Single by Dolly Parton

from the album Better Day
- Released: May 23, 2011
- Recorded: 2011
- Genre: Country pop
- Length: 3:56
- Label: Dolly Records
- Songwriter: Dolly Parton

Dolly Parton singles chronology
| "Comin' Home for Christmas" (2009) | "Together You and I" (2011) | "The Sacrifice" (2011) |

= Together You and I =

"Together You and I" is a song by American singer-songwriter Dolly Parton.
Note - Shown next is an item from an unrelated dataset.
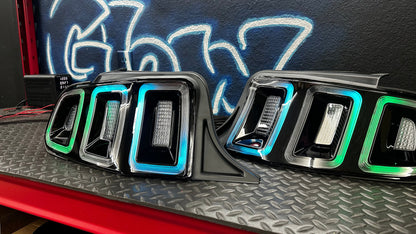 NTXGlow RGB Euro Style Tail Lights | 2010-2014 Ford Mustang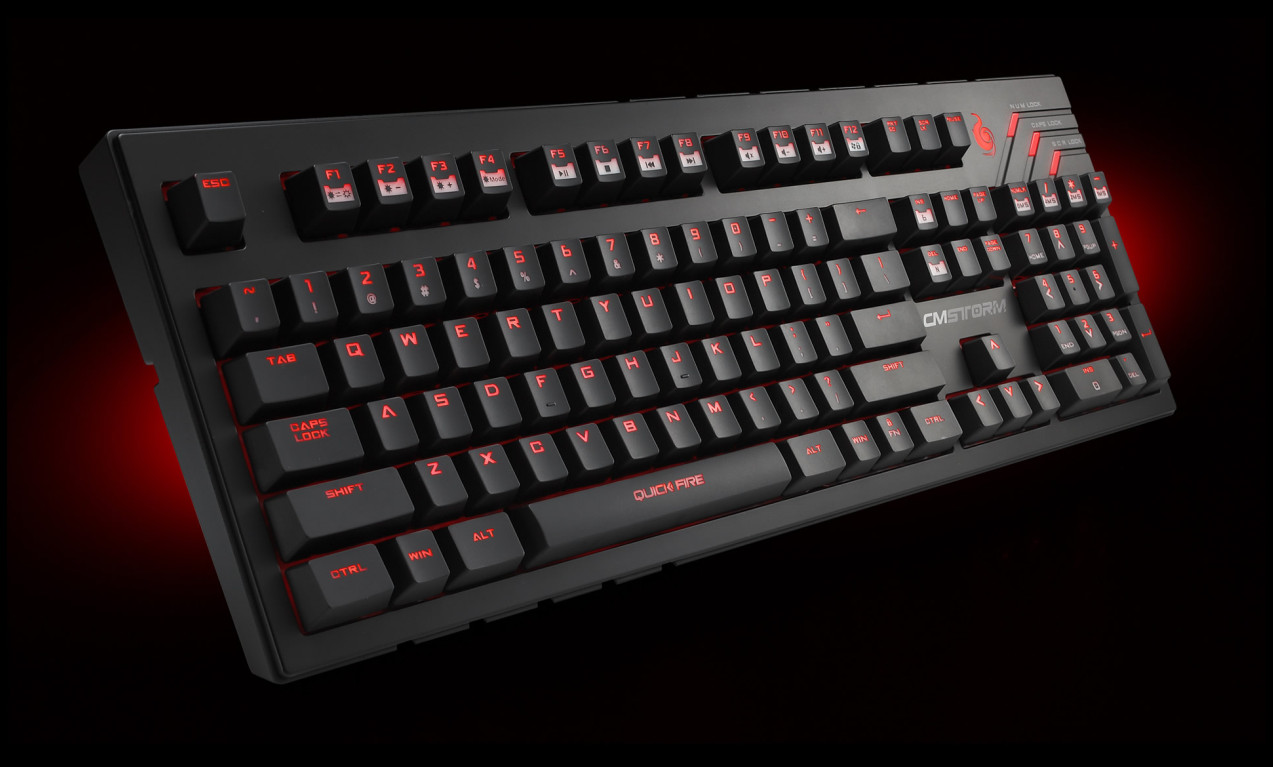 Ooit bouwer Medicinaal Cooler Master Introduces the CM Storm QuickFire Ultimate Gaming Keyboard |  TechPowerUp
The song was initially by Porter Wagoner on his 1972 album Ballads of Love before being re-recorded as a duet with Parton on the 1974 album Porter 'n' Dolly.

An updated solo recording was released as the lead single from Parton's 2011 album, Better Day, on May 23, 2011. It impacted country radio on May 27. It peaked at number 67 on the UK Singles Chart.

==Music video==
A video for the single was filmed, and was originally scheduled to debut on May 28. However, for unknown reasons, the video was delayed and later debuted on July 4 on country music video station, CMT. The video was directed by Trey Fanjoy.

==Live performances==
Dolly Parton performed her song on September 10, 2011 on the Launch Night for the ninth series of Strictly Come Dancing. She also performed the song on American television talk show The Ellen DeGeneres Show on May 27, 2011 and on NBC's The Tonight Show with Jay Leno.

==Chart performance==
The song reached No. 67 in the UK Singles Chart, becoming her highest chart entry since "9 to 5" in 1981.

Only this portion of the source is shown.